=== DATA FOR REVIEW ===

*** Block opens ***

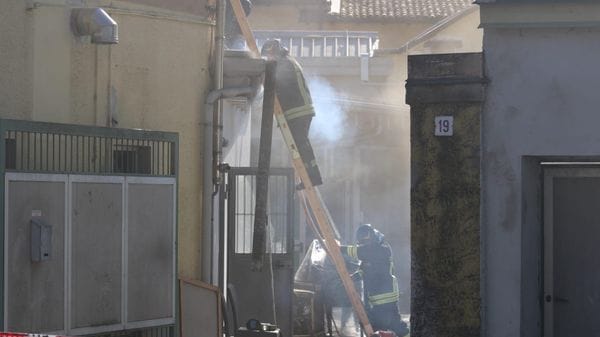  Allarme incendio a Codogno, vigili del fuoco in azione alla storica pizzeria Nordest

*** Block closes ***
*** Block opens ***

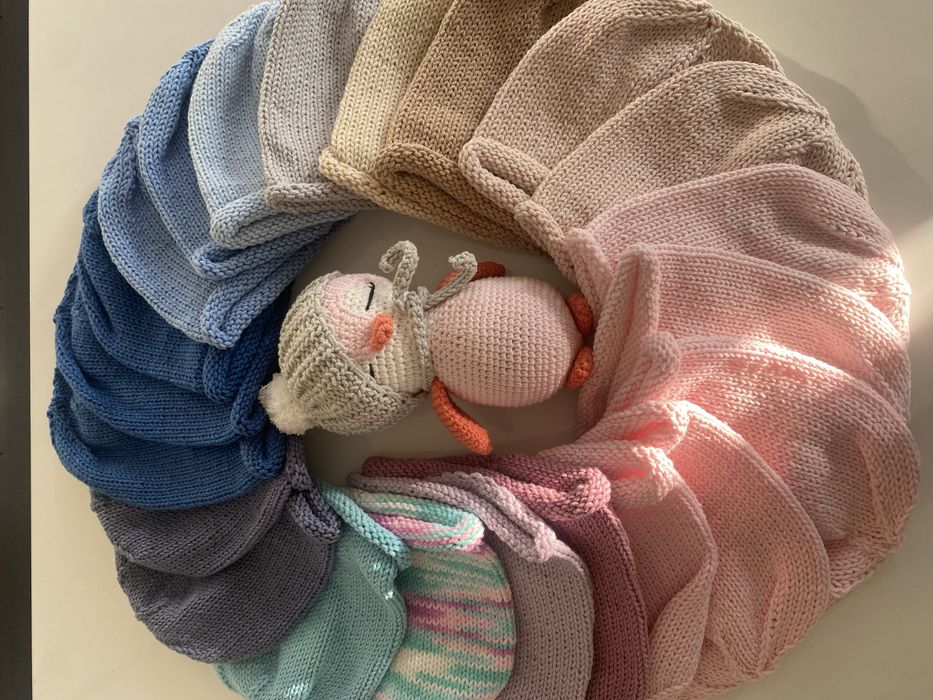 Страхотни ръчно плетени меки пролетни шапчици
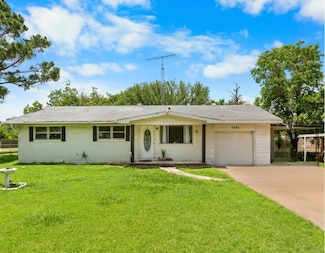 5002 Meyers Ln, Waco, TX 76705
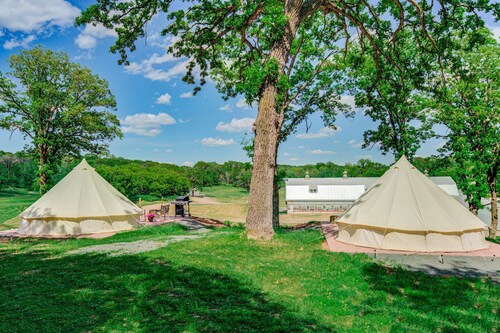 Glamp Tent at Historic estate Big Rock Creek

*** Block closes ***
*** Block opens ***

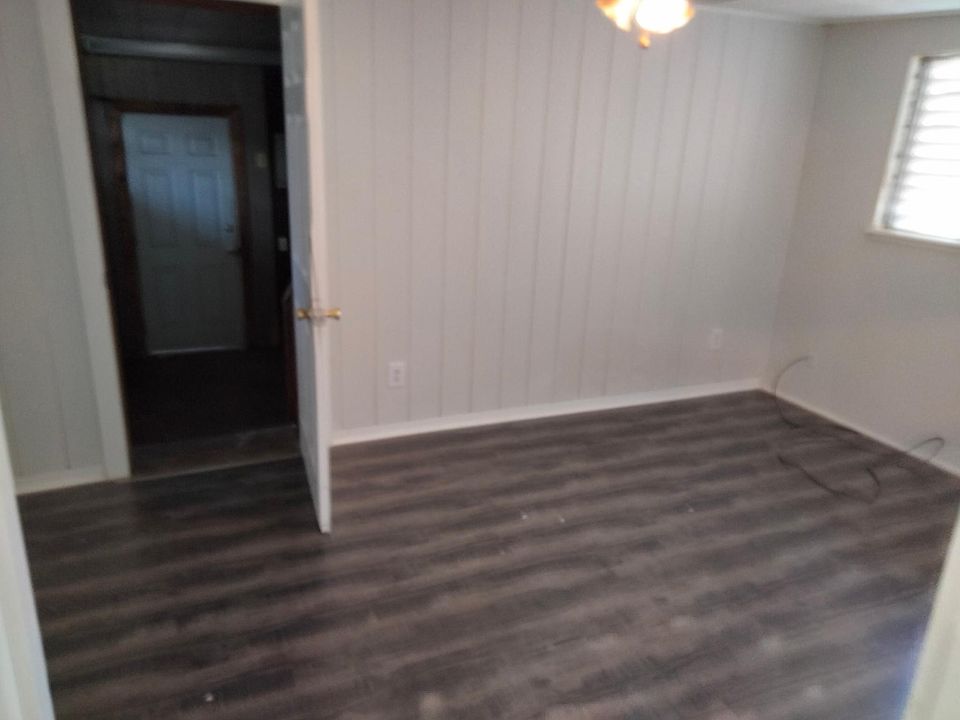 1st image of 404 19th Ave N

*** Block closes ***

=== TASK DIRECTIONS ===
Reproduce exactly the lines above starting at the line containing "5002 Meyers Ln, Waco, TX 76705" and ending at the line containing "Glamp Tent at Historic estate Big Rock Creek", including both, but not the pictures.

=== TASK RESPONSE ===
 5002 Meyers Ln, Waco, TX 76705
 Glamp Tent at Historic estate Big Rock Creek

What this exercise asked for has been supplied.